The Council of the European Union is due to approve the Net Zero Industry Act, NZIA, as the European elections are just five weeks away. The European Parliament passed it with 361 votes to 121, with 45 abstentions. The two institutions reached a provisional deal in February.

The idea behind the Net Zero Industry Act is to bolster EU production in technologies needed for decarbonization. It sets a target domestic share of 40% of the annual deployment needs in net zero technologies by 2030, based on national energy and climate plans (NECPs), and capturing 15% of the global market value for the technologies.

NZIA will simplify the permitting process, setting maximum timelines for projects to be authorized

The law covers the supply chain end to end: components, materials and machinery, for a comprehensive list of technologies.

Renewables, nuclear energy (including fission), industrial decarbonization, grid, energy storage technologies, sustainable aviation fuels (SAFs), carbon capture and biotech are all eligible for support. The law will simplify the permitting process, setting maximum timelines for projects to be authorized, depending on their scope and output, the European Parliament said.

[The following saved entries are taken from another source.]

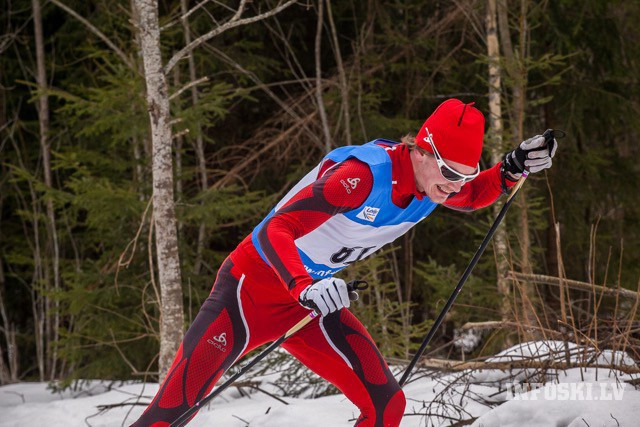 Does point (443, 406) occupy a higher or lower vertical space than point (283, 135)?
lower

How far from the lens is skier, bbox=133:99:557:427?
3.13m

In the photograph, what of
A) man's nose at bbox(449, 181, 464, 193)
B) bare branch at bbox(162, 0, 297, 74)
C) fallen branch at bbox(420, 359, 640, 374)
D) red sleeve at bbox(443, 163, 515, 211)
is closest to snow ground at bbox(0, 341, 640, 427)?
fallen branch at bbox(420, 359, 640, 374)

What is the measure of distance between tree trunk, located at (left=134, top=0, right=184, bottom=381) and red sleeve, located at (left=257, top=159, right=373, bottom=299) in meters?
2.32

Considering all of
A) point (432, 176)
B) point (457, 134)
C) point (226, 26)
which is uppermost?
point (226, 26)

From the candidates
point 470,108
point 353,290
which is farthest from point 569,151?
point 353,290

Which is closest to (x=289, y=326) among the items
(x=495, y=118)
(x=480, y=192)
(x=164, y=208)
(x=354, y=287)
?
(x=354, y=287)

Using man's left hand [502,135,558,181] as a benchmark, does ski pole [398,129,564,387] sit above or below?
below

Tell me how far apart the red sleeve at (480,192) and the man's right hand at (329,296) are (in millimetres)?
1269

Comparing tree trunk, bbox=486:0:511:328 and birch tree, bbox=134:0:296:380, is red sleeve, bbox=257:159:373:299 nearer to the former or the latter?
birch tree, bbox=134:0:296:380

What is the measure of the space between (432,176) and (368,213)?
307mm

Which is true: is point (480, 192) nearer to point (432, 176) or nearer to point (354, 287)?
point (432, 176)

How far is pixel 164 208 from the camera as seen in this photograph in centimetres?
536

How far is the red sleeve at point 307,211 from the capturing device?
3.01 meters

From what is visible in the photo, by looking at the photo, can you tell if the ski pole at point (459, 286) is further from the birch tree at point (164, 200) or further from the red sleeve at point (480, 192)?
the birch tree at point (164, 200) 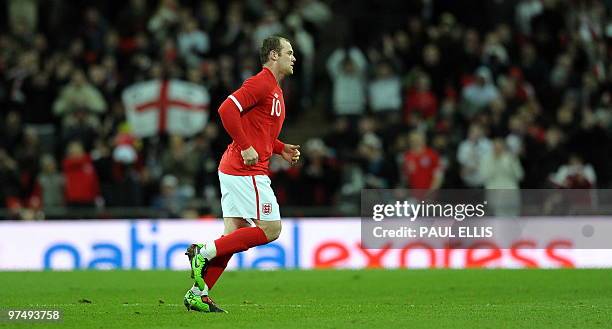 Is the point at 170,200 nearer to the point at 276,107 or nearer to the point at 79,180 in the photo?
the point at 79,180

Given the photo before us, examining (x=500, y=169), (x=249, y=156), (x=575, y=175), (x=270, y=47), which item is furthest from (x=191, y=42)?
(x=249, y=156)

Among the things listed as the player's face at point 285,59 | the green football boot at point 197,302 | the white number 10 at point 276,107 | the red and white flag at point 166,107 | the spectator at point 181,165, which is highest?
the red and white flag at point 166,107

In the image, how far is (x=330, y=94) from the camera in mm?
22875

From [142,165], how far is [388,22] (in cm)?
533

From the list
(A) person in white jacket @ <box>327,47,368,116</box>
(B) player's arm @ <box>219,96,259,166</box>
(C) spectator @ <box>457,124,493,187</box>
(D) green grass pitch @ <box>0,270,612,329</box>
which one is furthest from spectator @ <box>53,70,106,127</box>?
(B) player's arm @ <box>219,96,259,166</box>

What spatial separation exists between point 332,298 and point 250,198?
2534 millimetres

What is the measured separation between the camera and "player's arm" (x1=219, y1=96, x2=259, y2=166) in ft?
34.1

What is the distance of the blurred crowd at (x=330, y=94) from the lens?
20062mm

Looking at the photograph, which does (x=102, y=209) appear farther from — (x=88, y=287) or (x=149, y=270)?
(x=88, y=287)

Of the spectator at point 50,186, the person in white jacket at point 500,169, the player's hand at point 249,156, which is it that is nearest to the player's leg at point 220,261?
the player's hand at point 249,156

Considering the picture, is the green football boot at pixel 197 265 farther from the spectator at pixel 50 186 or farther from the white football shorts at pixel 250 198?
the spectator at pixel 50 186

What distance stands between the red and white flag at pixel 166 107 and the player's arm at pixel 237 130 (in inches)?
426

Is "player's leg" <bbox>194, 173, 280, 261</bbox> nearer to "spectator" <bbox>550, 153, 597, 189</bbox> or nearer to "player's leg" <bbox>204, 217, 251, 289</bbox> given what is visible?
"player's leg" <bbox>204, 217, 251, 289</bbox>

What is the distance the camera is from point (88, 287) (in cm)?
1452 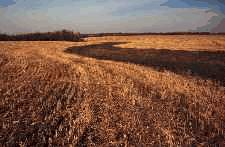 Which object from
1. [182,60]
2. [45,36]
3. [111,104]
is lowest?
[111,104]

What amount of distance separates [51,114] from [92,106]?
138 cm

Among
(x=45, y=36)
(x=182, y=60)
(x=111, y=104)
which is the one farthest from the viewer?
(x=45, y=36)

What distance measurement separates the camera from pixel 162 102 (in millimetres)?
10281

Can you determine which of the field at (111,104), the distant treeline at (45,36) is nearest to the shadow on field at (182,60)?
the field at (111,104)

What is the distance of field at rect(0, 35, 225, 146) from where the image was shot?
7.73 metres

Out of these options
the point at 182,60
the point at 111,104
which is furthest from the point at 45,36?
the point at 111,104

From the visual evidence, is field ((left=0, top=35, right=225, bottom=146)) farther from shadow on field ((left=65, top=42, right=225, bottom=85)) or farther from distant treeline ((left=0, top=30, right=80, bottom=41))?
distant treeline ((left=0, top=30, right=80, bottom=41))

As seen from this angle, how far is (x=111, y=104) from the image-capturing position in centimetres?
995

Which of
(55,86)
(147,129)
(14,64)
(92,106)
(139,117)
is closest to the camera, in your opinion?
(147,129)

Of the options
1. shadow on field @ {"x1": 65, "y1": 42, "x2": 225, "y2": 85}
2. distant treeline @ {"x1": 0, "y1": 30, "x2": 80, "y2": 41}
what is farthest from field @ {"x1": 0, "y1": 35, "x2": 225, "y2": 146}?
distant treeline @ {"x1": 0, "y1": 30, "x2": 80, "y2": 41}

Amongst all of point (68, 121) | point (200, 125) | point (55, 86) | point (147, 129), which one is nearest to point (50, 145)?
point (68, 121)

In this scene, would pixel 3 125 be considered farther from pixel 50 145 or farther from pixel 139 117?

The agreement provides for the creation of so-called net zero acceleration valleys, speeding up the permitting process by delegating parts of the evidence collection for environmental assessments to member states.

Sustainability, resilience criteria

National support schemes aiming to get households and consumers to move over to technologies such as solar panels and heat pumps more quickly will have to take into account sustainability and resilience criteria. Members of the European Parliament that negotiated the act explained that public procurement procedures and auctions to deploy renewable energy sources should also meet such criteria, albeit under conditions to be defined by the European Commission, and for a minimum of 30% of the volume auctioned per year in the member state, or alternatively for a maximum of 6 GW auctioned per year and per country.

Ehler: To achieve all our economic, climate and energy ambitions, we need industry in Europe

The legislation will encourage funding from national revenues from the EU Emissions Trading System (EU ETS) and, for most strategic projects, through the Strategic Technologies for Europe Platform (STEP), and it is a step towards the envisaged European sovereignty fund, lawmakers pointed out.

“This vote is good news for European industry and sets the tone for the next term. To achieve all our economic, climate and energy ambitions, we need industry in Europe. This act is the first step to making our market fit for this purpose,” lead MEP Christian Ehler said.

Much delayed response to US subsidies, China’s industrial might

NZIA is part of the Green Deal Industrial Plan, which the European Commission formally launched in February of last year. It includes the Critical Raw Materials Act – CRMA and the electricity market design reform. The package is consistent with other initiatives, too: Fit for 55, the European Green Deal and REPowerEU plan.

The administration in Brussels intends to facilitate a surge in clean energy technology capacities needed to support reaching the 2030 and 2050 climate targets. The EU largely imports such equipment.

NZIA is at the same time the response to massive subsidies for decarbonization in the United States through its Inflation Reduction Act, which is more than a year and a half old already, and to China’s dominance worldwide and in Europe in a range of sectors.